'''

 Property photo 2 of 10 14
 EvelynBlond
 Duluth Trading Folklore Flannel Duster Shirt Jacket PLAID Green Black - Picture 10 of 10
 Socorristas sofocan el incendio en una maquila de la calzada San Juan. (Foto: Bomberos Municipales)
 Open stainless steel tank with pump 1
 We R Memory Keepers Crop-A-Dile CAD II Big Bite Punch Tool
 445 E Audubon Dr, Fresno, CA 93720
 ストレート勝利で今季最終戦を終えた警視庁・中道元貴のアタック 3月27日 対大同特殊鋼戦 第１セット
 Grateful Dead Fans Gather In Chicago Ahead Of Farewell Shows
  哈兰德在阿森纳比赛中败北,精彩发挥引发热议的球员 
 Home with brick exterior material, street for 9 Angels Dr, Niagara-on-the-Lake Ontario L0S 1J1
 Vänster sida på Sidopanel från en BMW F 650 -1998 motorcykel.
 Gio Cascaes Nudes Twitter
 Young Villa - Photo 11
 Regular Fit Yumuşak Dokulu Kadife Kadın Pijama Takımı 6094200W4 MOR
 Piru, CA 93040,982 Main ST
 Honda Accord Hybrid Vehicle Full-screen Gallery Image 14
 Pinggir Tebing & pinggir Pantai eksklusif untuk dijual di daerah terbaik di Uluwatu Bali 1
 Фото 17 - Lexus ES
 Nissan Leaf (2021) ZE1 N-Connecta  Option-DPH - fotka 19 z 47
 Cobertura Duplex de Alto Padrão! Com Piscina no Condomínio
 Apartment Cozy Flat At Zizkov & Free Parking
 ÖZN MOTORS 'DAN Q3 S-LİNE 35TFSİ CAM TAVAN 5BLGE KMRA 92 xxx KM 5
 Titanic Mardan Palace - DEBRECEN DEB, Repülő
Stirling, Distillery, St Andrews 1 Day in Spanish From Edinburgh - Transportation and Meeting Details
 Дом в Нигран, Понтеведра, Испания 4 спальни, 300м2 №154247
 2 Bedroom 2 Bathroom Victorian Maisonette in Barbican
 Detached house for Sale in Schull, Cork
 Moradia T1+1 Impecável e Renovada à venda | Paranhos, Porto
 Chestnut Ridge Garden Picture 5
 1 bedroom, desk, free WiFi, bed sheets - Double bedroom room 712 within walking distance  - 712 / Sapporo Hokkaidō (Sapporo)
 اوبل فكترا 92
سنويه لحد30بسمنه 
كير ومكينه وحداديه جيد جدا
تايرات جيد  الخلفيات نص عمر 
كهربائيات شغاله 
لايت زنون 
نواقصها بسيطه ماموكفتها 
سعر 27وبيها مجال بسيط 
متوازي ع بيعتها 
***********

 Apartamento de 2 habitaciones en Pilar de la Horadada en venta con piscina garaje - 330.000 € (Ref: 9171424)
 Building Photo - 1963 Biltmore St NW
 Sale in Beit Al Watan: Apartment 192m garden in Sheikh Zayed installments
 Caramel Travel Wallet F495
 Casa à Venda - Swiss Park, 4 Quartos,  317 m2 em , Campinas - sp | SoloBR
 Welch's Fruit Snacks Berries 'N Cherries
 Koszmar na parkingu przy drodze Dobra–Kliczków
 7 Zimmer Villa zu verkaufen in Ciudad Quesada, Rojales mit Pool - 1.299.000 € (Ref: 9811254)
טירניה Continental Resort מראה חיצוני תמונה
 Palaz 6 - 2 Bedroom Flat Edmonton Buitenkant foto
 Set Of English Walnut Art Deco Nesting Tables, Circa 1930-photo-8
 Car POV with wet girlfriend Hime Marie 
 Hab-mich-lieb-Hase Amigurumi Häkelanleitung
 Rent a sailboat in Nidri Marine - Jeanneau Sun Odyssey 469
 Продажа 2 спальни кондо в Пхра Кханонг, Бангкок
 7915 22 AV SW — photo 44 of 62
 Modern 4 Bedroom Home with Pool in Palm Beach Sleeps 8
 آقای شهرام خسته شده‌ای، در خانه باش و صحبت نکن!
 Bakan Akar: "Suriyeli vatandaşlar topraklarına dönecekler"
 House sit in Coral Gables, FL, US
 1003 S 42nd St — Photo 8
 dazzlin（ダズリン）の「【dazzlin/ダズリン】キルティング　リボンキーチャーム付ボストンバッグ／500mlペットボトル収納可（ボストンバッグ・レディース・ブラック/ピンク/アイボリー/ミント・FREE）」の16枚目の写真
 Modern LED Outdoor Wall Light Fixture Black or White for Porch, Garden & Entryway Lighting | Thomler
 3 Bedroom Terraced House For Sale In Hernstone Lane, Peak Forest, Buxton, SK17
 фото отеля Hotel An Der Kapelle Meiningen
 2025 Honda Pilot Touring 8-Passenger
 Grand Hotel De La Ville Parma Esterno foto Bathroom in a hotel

'''

*TASK DESCRIPTION:* Find the lines in the data that include "спальни", then copy each of them.

*ANSWER TO THE EXERCISE:*
 Дом в Нигран, Понтеведра, Испания 4 спальни, 300м2 №154247
 Продажа 2 спальни кондо в Пхра Кханонг, Бангкок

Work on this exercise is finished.